Lisa is the perfect child and that often creates many problems for her. Big brother Bart constantly teases her for getting top grades, Homer can''''t understand why Lisa is a vegetarian, the kids at school think she’s a nerdy “brainiac” and Marge is always telling her to smile despite her sadness. Yet despite all of these obstacles and the lack of attention she receives, Lisa is a great success. Some of her accomplishments have included winning the regional Reader''''s Digest essay contest, coming in as runner-up in the Miss Springfield Pageant, invented the doll “Lisa Lionheart”, helped Mr. Burns recover from bankruptcy and was the first female to pass the second grade at Rommelwood Military Academy
The Simpsons website says that Lisa takes after both her parents: she has Marge’s common sense, hard work ethic and sympathy for others and Homer’s last name (Fox.com, click Q-S, then Simpson, Lisa). Lisa’s enormous intelligence and moral authority place her in a unique position in the Simpson family and, for that matter, Springfield at large. Each parents’ night at Springfield Elementary, Homer and Marge fight to meet with Lisa’s teachers rather than Bart’s on the theory that being offered cookies as thanks is less upsetting and costly, than reviewing property damage assessments for melted playground equipment. This second grader is a devoted vegetarian who also plays the saxophone with the virtuosity, if not the stubble, of Springfield’s late blues great, ”Bleeding Gums Murphy”.

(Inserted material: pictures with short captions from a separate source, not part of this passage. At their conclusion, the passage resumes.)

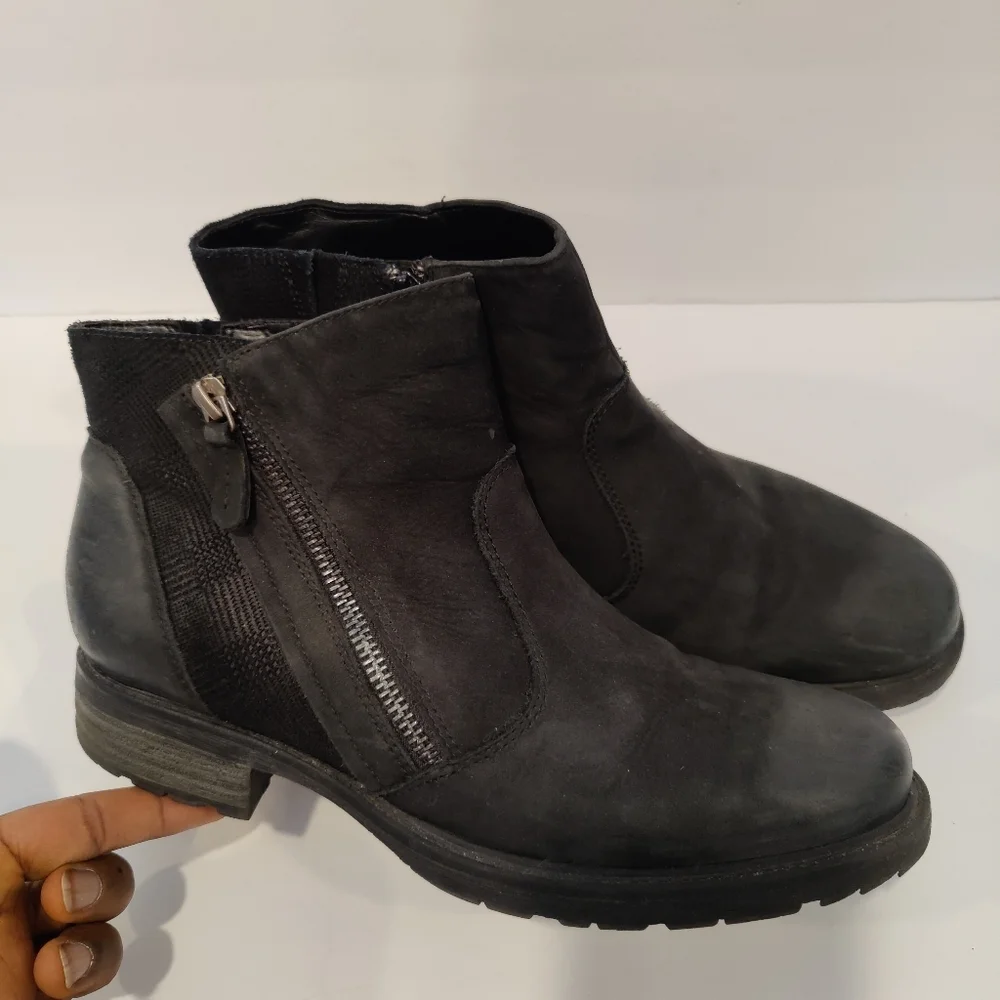Earth Origins Womens Jordan Leather Side Zip Ankle Boots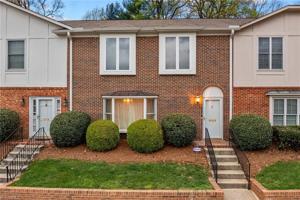 1 Fountain Manor Drive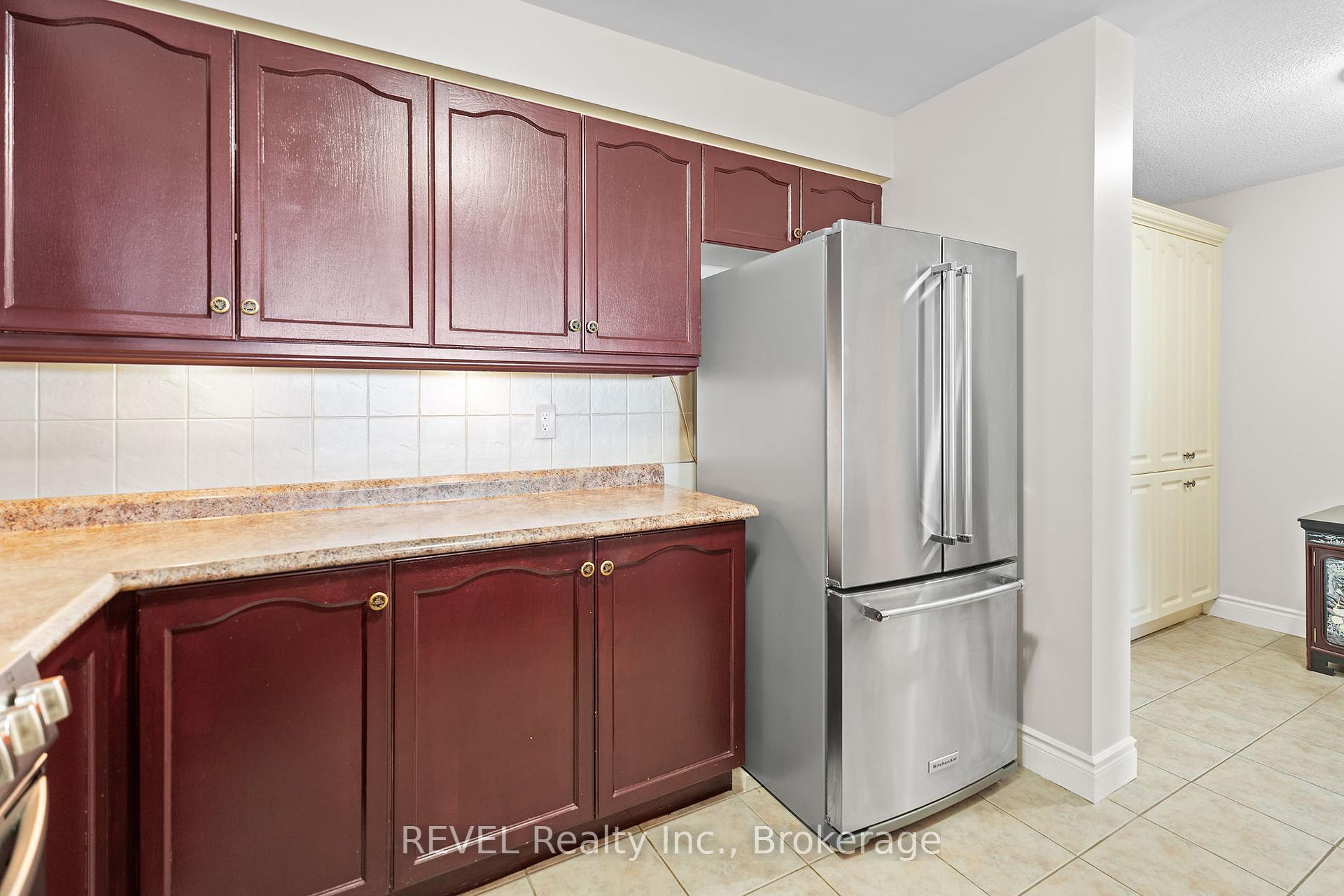 2 Bedrooms Condo at 442 Maple, Burlington For sale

For the record, Lisa says she watches TV only for The MacNeil-Lehrer Report (app. 3) – especially since it expanded to an hour – and Masterpiece Theatre, (app. 4) in case new serialisations of wordy British novels has come out. However, she is always willing to interrupt a fascinating MacNeil-Lehrer roundtable whenever her beloved ”Itchy & Scratchy” are on TV. Her love for cartoon characters proves that, no matter how precocious she may be, Lisa still is a Simpson.
3.1.2 The family as an institution
How does the characters in the Simpson family interact? In which way is the family compounded and does it reflect a virtual? Author Gerd Steiger starts with a quote from Matt Groening: The family is “good-hearted, but at the mercy of their extremely volatile emotions - rage, self-pity, disdain” (Steiger, chapter ”The Family Unit”).
While each family member is a well-rounded, three dimensional character with certain dramatic functions, the Simpson family as a whole builds up to a highly complex weave of internal relationships, displaying more realism than traditional TV families such as the Cosbys (app. 5) or the Waltons (app. 6). Of course, there can be no denying the fact, that any “functional” family should primarily teach generosity and love, - values which also the Simpsons are yearning for.
Steiger then quotes Time Magazine’s Barbara Ehrenreich who have said that, ”even in the ostensibly ‘functional’, non-violent family, where no one is killed or maimed, feelings are routinely bruised and often twisted out of shape”. And precisely that is the reason why the Simpsons can under no circumstances be seen as an irresponsibly dysfunctional family, an accusation carried forward by numerous critics mainly in the series’ early years. The Simpsons are the satirical portrayal of a 90s real-life pop-culture family. The values they transmit are nothing new. They have been prevailing for a long time! The British anthropologist Edmund Leach once stated that, ”far from being the basis of the good society, the family, with its narrow privacy and tawdry secrets, is the source of all discontents”.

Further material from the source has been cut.